First, I'm doing my first playthrough on Heavy Rain, which really comes off more as an emotion simulator than overall thriller. Yes, I get that there is a killer, and that the story will unfold as the events playout and that the bad guy is always the same. So far it's good, but it's not perfect. I would imagine that for a suspenseful thriller that wants to be interactive storytelling, I would hope they would let me make the decisions I actually want to make.
For example, I'm to a point where I just received a mysterious box with a gun, and origami and a cell phone with a memory card that shows video of my kid. Honestly, my real life first thoughts were take this info to the cops to pull the security footage of the guy who placed the box where I got it.

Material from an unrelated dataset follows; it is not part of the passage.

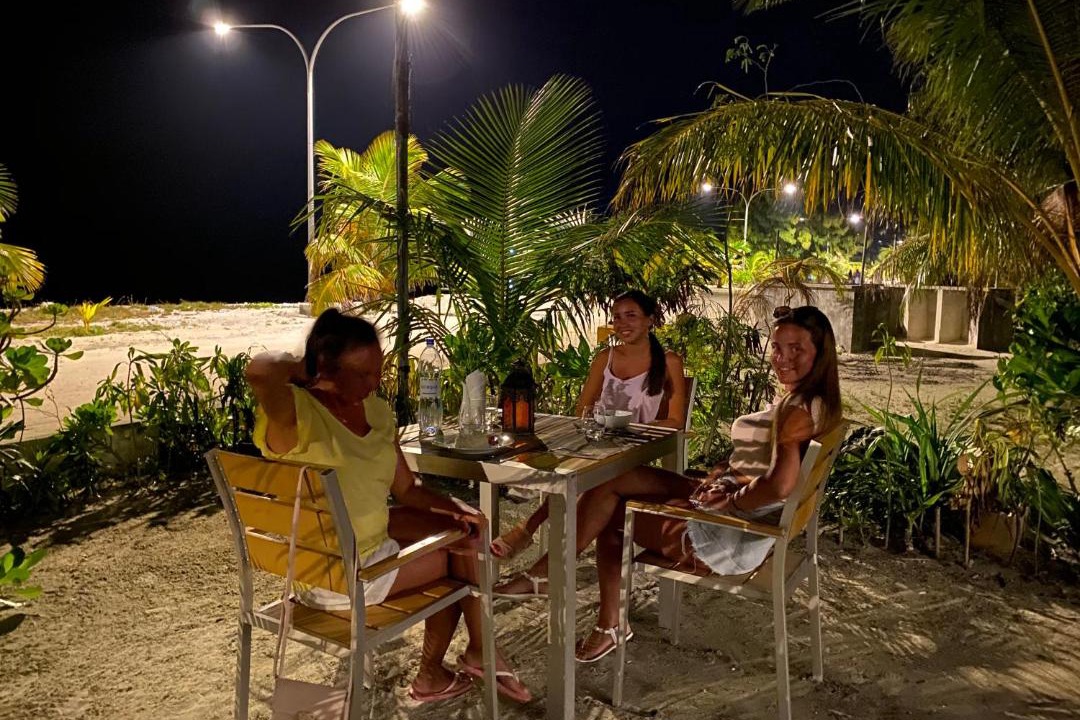 Photo of Others in Maafushi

That seems like the best way to get my kid back right, not play the killers game. But I get it, it's a movie, or interactive story.
Which brings me to my point, if I can't diverge from your story path, and I have to have the experience you designed, then why are you trying to market yourself as anything different from the other games I play with the same restrictions. The fact that you are slower, and more nuanced don't change the core mechanics of what you are.
I say, that and it probably seems like I don't like the game. The opposite is true, I think the game is fantastic, but it makes me wonder why great games don't get the kind of support that "interactive storytellers" do.
It makes me wonder alot.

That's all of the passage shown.